A Southend News Network investigation has revealed that Primark customers at a number of Essex locations are being forced to regularly shop in conditions that have been described as ‘horrendous’ and ‘inhumane.’
Senior managers at their head office have already promised an immediate investigation.
We sent an undercover investigator to their branch in Southend On Sea to find out more, and she told our Chief Reporter that she will ‘never forget’ what she witnessed.
She said: ‘As soon as I walked through the front door, I just stopped and burst into tears. A toddler had climbed to the top of a mannequin while screaming ‘look at me, I’m Skye,’ and her dad was screaming ‘do that again one more time and I’ll f*cking do ya Britney-Chardonnay.’

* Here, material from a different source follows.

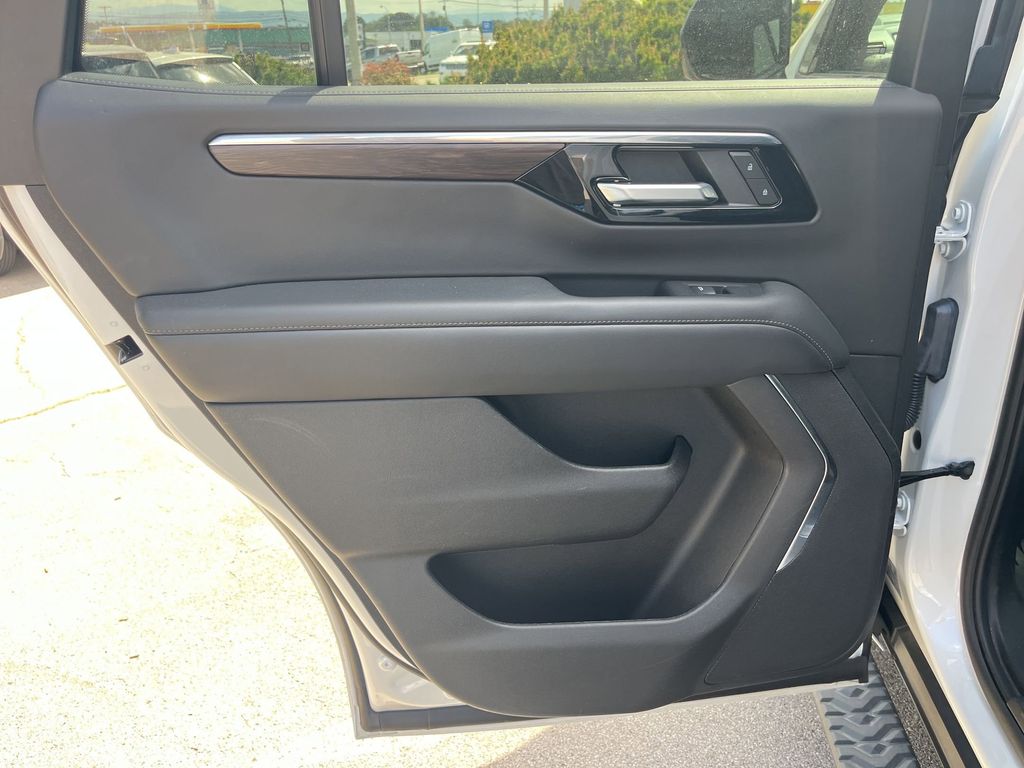 Thumbnail: 2025 Chevrolet Tahoe - 24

‘I assumed that ‘Britney-Chardonnay’ was her name, or her dad may have just been attempting some sort of sorcery.’
‘He must have recited the same line about ‘one more time’ at least seven times, so perhaps it was an attempt at an Aramaic child-calming spell.’
‘The child was then very sternly told that ‘she ain’t getting nothing’ for her birthday, so at least that’s something for the poor little girl to look forward to.’

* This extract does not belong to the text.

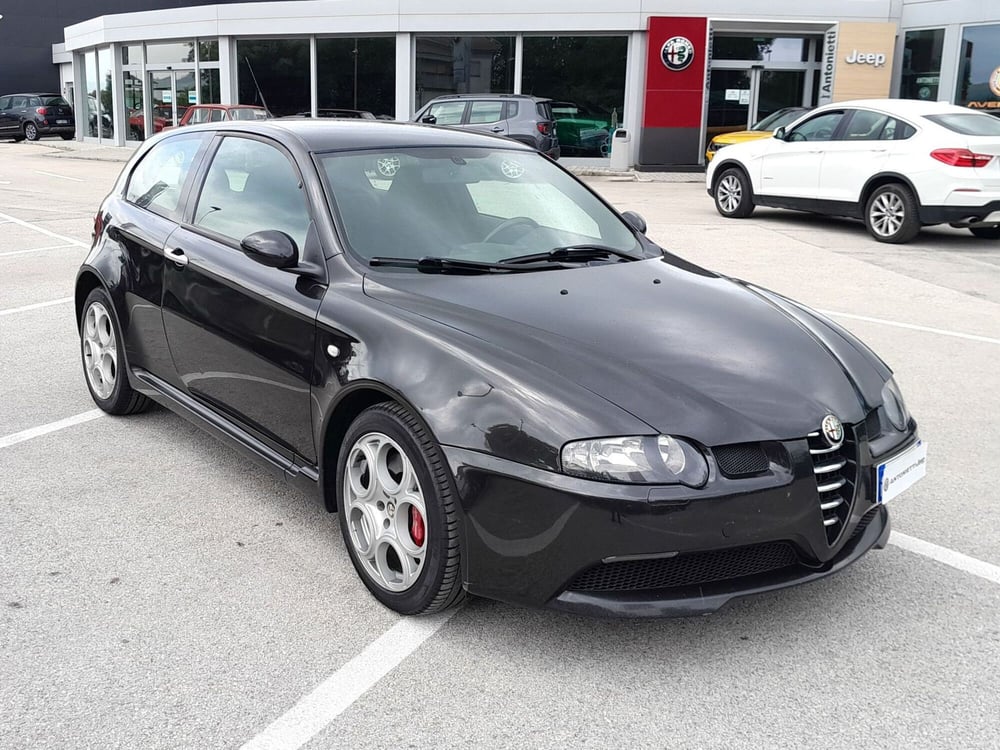 Alfa Romeo 147 usata a Ancona (6)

During a similar visit to the Primark store in Basildon, our investigator witnessed what she described as a ‘horrific incident’ that led to the entire store being evacuated.

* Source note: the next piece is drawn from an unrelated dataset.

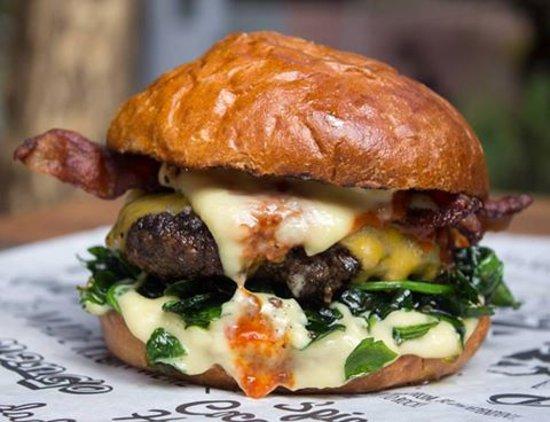 MamaRocks Gourmet Burgers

She added: ‘I was observing the baby wear area, when suddenly I noticed that two ladies in Lonsdale tracksuits were briskly moving towards each other, unaware that they were on a collision course as they were both distracted by the Minion vest four-packs on display.’
‘Suddenly, they walked into each other and started exchanging insults. One of them called the other a ‘silly twat face,’ and then three toddlers in pushchairs all started giggling and clapping while reciting ‘silly twat face’ over and over again.’
‘Other young children kept picking up on it, and within just a few moments the entire top floor of the shop was full of young kids repeating ‘silly twat face’ over and over again.’
‘Meanwhile, the two tracksuit-clad ladies had come to blows and were wrestling on the floor while screaming at each other.’
‘A few moments later, there was a sickening smell of smoke where the friction had ignited the polyester, and while a member of staff attempted to put out the fire with the wrong extinguisher everyone else had to leave for their own safety.’
Conditions in their store at Thurrock Lakeside have been causing concern for some time, and another member of our News Team found that a Size 10 t-shirt had been mixed in with a pile of Size 22 tops.
He said: ‘A lady came along and was looking through the Size 22 pile when she accidentally picked up the Size 10 t-shirt and walked off to the changing rooms.’
‘A few seconds later, everyone heard an ear-piercing scream coming from inside where she had managed to get herself stuck in the garment, and the fire brigade were called.’
‘By the time they had managed to cut her free, it was like a scene from The Incredible Hulk.’
We showed the footage to employees working in one of Primark’s factories in Phnom Penh, Cambodia, and one machinist told us that she felt ‘deep shame’ for contributing towards this ‘humanitarian disaster.’
She added: ‘It’s all very well earning 65p an hour to make these garments, but I never truly realised the suffering and distress that my job leads to in the United Kingdom – I am devastated.’
‘Seeing your footage has been a huge wake-up call for me, and I am going to try and find new employment making items for Waitrose.’
‘Other than the occasional heated discussion between two absolute milfs about the best brand of organic spelt for little Tobias, these retail environments are both ethical and humane.’
In a statement, Primark’s head office in the UK confirmed that they will be taking ‘urgent action’ as a result of our investigation.
They said: ‘Our Corporate and Social Responsibility policy puts the customer right at the very heart of everything that we do.’
‘If just one customer leaves one of our stores with a mental image that will plague them for the rest of their leaves, it is one customer too many.’
‘As a matter of urgency, we will continue to give out those paper bags that make them think they are shopping somewhere upmarket and swanky – this will promote a sense of happiness long after they leave our stores.’